Some of you may have seen this remarkably popular post by Andrej Karpathy https://karpathy.ai introducing what he calls “LLM Wiki”:
https://gist.github.com/karpathy/442a6bf555914893e9891c11519de94f
It describes an approach to knowledge management that involves three elements:
* Storing notes as Markdown files in a Github repository
* Updating those notes via an LLM that modifies the files on disk directly
* Browsing and reading the notes via Obsidian by pointing it at the Markdown repository
The role of Obsidian in this approach is very familiar to TiddlyWiki users: making a folder full of text files accessible as a wiki.
That raises the possibility of being able to substitute TiddlyWiki for Obsidian in the LLM Wiki approach, meaning implementing some degree of interoperability with Obsidian. Users would be able to choose between Obsidian and TiddlyWiki, or combine them. The goal is, obviously, to drive adoption of TiddlyWiki.

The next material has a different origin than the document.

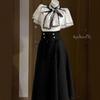 POSHOP Chiffon-Oberteil mit Glockenärmeln & Schlankmachender Winter-Halbrock Zweiteiliges Set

You can see where I’ve got to in this repository. Note that the readme is trying to make a case for LLM Wiki users rather than TiddlyWiki users:
https://github.com/Jermolene/twillm/
Andrej’s workflow depends upon one Obsidian feature: it continually monitors the Markdown files on disk, and loads any updates dynamically made by the LLM. I’ve made a PR to implement that feature, see https://github.com/TiddlyWiki/TiddlyWiki5/pull/9806.
I should add that I started this journey with pmario’s MCP server. I think it is a better foundation for Karpathy’s original work than direct file access. For example, it allows for strategies to limit token consumption. I ended up moving away from MCP because I wanted to try to make TiddlyWiki a direct drop-in replacement for Obsidian, allowing existing users to maintain their existing mental model. I would, however, like to add back the MCP server as soon as possible, assuming we can do so without compromising LLM Wiki compatibility.
The window of opportunity to attract attention might be quite short, particularly if Obsidian were to implement LLM access themselves, perhaps by implementing an MCP server, the opening would close.
It would be very helpful to have help with testing, and in spreading the word about this
I should add that personally, there is no world in which I would send my personal notes to Anthropic, OpenAI or any other cloud service. I have been experimenting with running Qwen models on my Mac using Ollama. Their capabilities are far behind those of commercial providers, but they can still be useful.
I would be delighted to hear your thoughts and suggestions, and of course to accept pull requests.